Illumina libraries were prepared with three of the samples and sequenced on the MiSeq as 2 x 300bp reads. QC analysis shows that the percentage of reads that are mostly composed of adapter sequence, instead of antibody sequence, increases drastically as RNA degradation increases. This was the case even though size selection to remove small amplicons from the library was performed. Note that we excluded sample 4 because the quality of the library was too low due to RNA degradation.
In order for a read to be included in the final Ig repertoire, it must pass several quality and content filters. The percentage of reads that pass all these filters decreases sharply as RNA integrity for the samples decreases. This means that with increasing RNA degradation, sampling of the Ig repertoire decreases significantly.
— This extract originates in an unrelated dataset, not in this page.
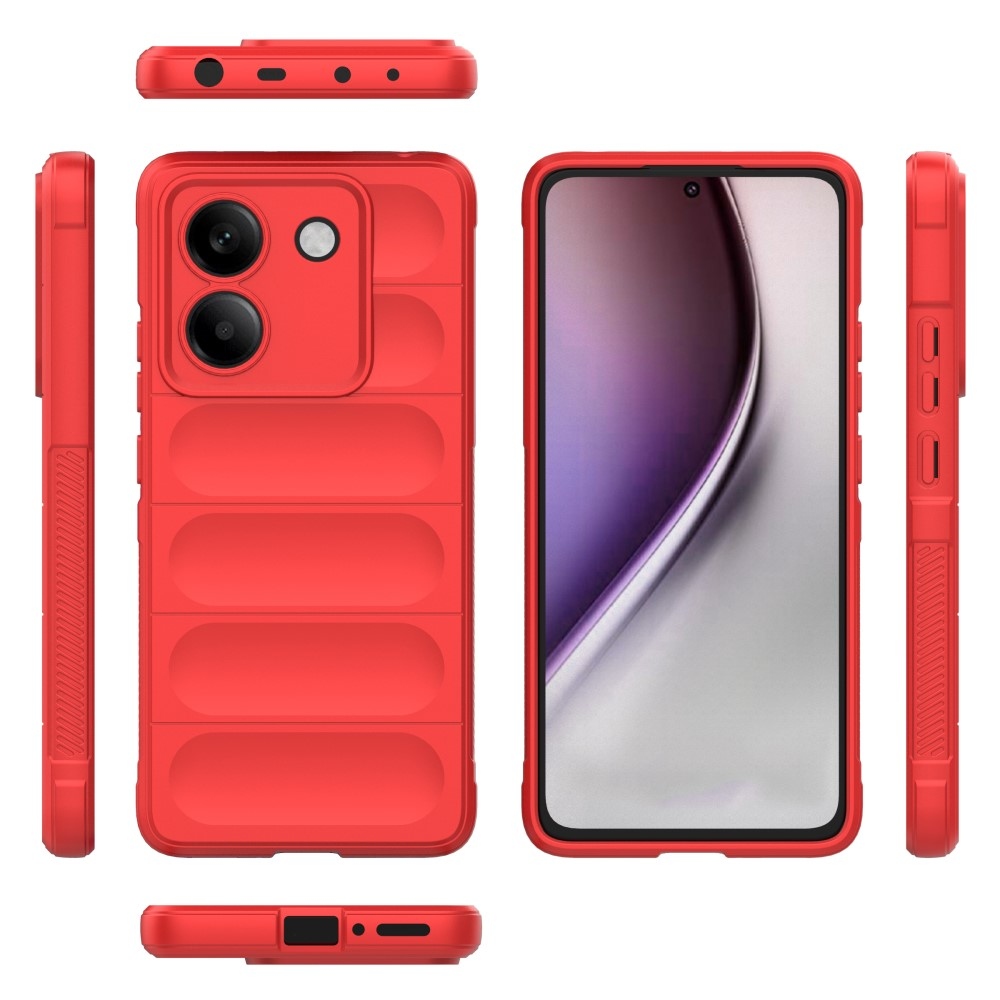 Rugg odolný gélový obal na Xiaomi Poco M7 Pro 5G - červený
What to do to prevent RNA degradation?
The simplest method is to put cells or tissue in RNAlater as soon as possible. This is particularly important for tissues with high levels of RNases, such as spleen. However, this is not always possible, since RNAlater will denature proteins, which might prevent cell sorting. In these cases, keeping the cells alive and minimizing the time between the processing of cells and RNA extraction is important.